(Beginning of STUDY MATERIAL)

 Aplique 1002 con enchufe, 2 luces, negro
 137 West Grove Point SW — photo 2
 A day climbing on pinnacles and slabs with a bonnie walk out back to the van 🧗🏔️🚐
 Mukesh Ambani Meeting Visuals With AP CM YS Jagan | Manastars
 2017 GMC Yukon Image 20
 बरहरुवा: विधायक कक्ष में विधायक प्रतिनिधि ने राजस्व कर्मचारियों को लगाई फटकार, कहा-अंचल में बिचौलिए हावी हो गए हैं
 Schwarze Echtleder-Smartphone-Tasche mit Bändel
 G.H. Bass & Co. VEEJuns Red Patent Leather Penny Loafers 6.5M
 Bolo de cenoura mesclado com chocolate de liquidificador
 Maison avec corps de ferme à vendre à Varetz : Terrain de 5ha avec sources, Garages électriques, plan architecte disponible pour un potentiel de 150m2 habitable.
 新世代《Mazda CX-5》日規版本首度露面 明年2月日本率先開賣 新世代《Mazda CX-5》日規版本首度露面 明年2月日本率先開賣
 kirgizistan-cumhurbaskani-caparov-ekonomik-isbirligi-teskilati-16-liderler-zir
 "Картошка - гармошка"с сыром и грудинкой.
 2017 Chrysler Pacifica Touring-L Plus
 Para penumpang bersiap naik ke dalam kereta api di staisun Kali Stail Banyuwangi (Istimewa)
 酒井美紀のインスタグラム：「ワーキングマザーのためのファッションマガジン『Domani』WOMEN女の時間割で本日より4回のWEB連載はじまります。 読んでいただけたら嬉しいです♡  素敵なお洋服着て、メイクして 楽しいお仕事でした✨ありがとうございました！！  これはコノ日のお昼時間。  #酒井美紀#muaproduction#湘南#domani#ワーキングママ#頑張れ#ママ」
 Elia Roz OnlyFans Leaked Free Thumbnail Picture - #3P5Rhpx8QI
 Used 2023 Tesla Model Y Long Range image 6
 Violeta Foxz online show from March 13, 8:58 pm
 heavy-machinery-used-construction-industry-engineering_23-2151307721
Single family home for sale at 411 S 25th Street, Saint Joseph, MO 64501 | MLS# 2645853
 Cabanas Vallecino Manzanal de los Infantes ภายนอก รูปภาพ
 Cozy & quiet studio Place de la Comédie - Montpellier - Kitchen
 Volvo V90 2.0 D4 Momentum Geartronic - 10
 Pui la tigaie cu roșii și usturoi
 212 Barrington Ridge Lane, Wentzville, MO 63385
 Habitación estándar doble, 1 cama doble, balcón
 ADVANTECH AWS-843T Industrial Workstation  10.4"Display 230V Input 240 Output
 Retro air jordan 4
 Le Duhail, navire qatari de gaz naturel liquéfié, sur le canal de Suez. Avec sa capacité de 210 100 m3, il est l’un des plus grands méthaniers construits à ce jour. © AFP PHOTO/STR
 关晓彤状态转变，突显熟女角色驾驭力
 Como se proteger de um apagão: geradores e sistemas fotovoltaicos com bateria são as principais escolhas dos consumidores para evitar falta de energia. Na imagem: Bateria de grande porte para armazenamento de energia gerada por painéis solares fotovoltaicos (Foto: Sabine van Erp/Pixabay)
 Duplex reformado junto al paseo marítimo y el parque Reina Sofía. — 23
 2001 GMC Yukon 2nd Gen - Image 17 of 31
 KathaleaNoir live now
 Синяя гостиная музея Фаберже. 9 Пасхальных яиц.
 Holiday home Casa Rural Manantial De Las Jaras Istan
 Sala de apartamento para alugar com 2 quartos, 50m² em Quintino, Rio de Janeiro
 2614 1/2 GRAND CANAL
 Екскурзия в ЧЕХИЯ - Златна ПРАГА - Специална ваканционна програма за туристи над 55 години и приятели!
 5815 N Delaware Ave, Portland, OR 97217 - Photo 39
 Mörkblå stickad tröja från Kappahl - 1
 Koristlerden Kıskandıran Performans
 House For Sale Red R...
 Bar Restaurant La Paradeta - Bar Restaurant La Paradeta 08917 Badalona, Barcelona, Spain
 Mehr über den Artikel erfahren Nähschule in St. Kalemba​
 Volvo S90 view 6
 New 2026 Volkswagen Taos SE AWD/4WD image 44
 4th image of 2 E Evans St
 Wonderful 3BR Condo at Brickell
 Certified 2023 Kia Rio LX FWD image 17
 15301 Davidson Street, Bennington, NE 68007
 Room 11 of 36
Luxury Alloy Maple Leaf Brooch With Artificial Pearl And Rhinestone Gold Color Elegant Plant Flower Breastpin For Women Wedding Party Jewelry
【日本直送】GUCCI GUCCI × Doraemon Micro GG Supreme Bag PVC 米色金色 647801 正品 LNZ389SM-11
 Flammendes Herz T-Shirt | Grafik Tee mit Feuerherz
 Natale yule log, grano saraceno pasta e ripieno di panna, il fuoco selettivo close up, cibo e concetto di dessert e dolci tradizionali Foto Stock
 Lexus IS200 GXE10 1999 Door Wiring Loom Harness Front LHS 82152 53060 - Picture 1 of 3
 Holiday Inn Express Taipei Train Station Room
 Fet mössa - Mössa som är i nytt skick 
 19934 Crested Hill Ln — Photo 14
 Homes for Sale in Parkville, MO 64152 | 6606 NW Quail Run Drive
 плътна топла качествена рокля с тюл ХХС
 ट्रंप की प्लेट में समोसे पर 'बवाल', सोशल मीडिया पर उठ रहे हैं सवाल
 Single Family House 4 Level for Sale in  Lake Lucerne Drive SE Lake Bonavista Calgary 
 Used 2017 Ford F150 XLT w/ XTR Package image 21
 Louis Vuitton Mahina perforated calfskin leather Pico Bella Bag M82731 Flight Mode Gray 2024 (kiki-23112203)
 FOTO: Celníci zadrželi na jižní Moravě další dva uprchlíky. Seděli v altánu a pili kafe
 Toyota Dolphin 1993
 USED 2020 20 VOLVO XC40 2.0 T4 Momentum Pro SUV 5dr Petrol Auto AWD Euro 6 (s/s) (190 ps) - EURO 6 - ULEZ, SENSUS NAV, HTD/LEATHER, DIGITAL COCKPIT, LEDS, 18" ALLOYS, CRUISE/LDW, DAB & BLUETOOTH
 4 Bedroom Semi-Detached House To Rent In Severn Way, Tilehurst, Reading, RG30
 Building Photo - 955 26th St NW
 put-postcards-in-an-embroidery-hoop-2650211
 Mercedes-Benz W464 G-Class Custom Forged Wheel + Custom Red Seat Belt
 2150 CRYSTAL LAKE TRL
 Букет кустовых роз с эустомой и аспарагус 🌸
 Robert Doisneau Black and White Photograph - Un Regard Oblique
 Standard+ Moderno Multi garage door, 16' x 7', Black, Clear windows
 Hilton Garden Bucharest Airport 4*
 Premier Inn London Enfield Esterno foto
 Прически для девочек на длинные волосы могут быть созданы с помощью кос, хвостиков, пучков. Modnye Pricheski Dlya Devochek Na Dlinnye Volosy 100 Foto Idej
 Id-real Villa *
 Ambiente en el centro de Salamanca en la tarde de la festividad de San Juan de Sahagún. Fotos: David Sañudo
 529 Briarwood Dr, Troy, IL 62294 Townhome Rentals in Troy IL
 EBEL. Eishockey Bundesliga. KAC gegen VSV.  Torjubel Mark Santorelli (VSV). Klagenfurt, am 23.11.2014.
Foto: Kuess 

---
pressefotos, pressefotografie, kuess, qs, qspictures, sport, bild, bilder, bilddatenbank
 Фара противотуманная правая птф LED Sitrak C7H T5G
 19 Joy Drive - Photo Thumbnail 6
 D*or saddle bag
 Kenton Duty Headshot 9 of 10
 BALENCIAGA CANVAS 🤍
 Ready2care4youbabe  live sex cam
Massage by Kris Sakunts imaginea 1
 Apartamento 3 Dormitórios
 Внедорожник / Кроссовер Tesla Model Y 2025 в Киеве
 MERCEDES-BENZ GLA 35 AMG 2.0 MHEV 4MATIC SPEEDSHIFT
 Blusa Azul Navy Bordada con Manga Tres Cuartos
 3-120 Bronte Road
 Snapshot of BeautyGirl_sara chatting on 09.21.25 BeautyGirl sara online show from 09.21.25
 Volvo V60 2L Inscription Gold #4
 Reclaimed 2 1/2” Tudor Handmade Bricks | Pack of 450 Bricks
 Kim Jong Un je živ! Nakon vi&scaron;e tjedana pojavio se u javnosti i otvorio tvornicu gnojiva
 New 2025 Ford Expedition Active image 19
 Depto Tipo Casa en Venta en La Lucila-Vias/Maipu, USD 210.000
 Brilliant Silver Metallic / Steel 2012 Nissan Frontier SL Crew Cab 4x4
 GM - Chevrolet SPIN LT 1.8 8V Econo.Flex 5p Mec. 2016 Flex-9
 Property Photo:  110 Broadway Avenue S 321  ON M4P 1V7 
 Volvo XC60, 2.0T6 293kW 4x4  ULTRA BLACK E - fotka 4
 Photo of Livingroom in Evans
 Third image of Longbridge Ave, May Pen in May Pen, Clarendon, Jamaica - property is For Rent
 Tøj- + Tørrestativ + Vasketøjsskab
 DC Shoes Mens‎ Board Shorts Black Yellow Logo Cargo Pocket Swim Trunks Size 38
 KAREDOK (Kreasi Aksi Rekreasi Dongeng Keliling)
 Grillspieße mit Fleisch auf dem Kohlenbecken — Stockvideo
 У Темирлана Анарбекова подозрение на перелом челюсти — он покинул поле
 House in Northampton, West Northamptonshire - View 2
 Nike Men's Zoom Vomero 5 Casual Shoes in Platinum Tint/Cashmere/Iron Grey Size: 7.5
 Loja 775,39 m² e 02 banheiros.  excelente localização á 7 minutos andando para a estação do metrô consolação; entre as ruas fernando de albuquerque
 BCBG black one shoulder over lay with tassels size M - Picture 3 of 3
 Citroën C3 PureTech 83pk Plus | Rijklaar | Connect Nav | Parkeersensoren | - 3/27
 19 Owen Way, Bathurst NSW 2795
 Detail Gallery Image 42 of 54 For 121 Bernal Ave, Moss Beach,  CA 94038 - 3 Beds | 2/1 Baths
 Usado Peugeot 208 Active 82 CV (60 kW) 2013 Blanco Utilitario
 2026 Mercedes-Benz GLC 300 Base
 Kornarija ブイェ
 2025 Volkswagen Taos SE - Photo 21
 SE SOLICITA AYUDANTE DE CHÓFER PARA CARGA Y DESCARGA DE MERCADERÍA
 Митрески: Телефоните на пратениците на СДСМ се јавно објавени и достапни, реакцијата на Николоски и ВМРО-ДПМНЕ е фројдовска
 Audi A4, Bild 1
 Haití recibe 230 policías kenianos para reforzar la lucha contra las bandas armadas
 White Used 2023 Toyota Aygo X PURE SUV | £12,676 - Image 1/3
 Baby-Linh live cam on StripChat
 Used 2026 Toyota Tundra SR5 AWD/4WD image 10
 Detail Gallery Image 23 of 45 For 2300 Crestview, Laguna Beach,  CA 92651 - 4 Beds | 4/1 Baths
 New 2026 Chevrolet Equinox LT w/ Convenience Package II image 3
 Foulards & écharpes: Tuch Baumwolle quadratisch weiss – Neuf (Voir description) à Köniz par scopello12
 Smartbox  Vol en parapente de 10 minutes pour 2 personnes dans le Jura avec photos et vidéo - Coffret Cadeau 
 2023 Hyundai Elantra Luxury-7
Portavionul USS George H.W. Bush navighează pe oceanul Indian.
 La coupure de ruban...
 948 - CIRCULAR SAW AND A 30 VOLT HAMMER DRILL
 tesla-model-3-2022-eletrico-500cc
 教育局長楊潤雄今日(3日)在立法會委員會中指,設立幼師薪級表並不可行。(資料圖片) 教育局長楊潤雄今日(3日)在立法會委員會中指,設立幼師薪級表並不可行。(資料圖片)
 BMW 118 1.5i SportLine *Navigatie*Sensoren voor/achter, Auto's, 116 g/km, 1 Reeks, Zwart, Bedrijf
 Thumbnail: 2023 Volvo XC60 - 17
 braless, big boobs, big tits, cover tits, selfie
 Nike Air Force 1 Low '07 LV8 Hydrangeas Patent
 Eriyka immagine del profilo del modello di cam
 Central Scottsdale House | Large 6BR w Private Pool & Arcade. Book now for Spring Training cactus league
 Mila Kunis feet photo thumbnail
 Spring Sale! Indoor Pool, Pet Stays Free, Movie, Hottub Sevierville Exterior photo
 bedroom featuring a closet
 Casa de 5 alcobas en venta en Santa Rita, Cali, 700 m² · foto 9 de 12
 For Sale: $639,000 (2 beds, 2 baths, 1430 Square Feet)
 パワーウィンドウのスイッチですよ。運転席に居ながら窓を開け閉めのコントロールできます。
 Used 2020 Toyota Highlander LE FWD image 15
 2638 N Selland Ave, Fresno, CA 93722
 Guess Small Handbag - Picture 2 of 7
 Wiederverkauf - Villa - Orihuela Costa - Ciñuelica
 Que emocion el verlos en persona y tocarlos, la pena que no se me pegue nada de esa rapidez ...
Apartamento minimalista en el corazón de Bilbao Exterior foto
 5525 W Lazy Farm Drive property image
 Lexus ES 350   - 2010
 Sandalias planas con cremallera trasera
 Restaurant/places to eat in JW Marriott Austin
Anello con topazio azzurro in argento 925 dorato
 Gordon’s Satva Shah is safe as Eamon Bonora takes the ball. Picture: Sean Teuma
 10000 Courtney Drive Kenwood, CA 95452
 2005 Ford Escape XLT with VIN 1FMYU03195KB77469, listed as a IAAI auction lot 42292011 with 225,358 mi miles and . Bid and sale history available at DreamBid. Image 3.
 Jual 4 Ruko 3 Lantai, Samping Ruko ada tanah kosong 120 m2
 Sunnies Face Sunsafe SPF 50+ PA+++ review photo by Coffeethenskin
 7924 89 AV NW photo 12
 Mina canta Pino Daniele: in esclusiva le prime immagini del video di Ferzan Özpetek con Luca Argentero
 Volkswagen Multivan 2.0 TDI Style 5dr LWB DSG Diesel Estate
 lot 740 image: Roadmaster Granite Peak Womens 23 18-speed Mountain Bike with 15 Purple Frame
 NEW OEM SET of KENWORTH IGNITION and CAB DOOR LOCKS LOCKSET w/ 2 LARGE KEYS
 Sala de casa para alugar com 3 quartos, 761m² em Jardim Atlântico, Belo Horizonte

(End of STUDY MATERIAL)

Please return only the lines above, starting at the line that has "Habitación estándar doble, 1" and ending at the line that has "关晓彤状态转变，突显熟女角色驾驭力", keeping both and leaving each one unchanged.

# TASK SOLUTION
 Habitación estándar doble, 1 cama doble, balcón
 ADVANTECH AWS-843T Industrial Workstation  10.4"Display 230V Input 240 Output
 Retro air jordan 4
 Le Duhail, navire qatari de gaz naturel liquéfié, sur le canal de Suez. Avec sa capacité de 210 100 m3, il est l’un des plus grands méthaniers construits à ce jour. © AFP PHOTO/STR
 关晓彤状态转变，突显熟女角色驾驭力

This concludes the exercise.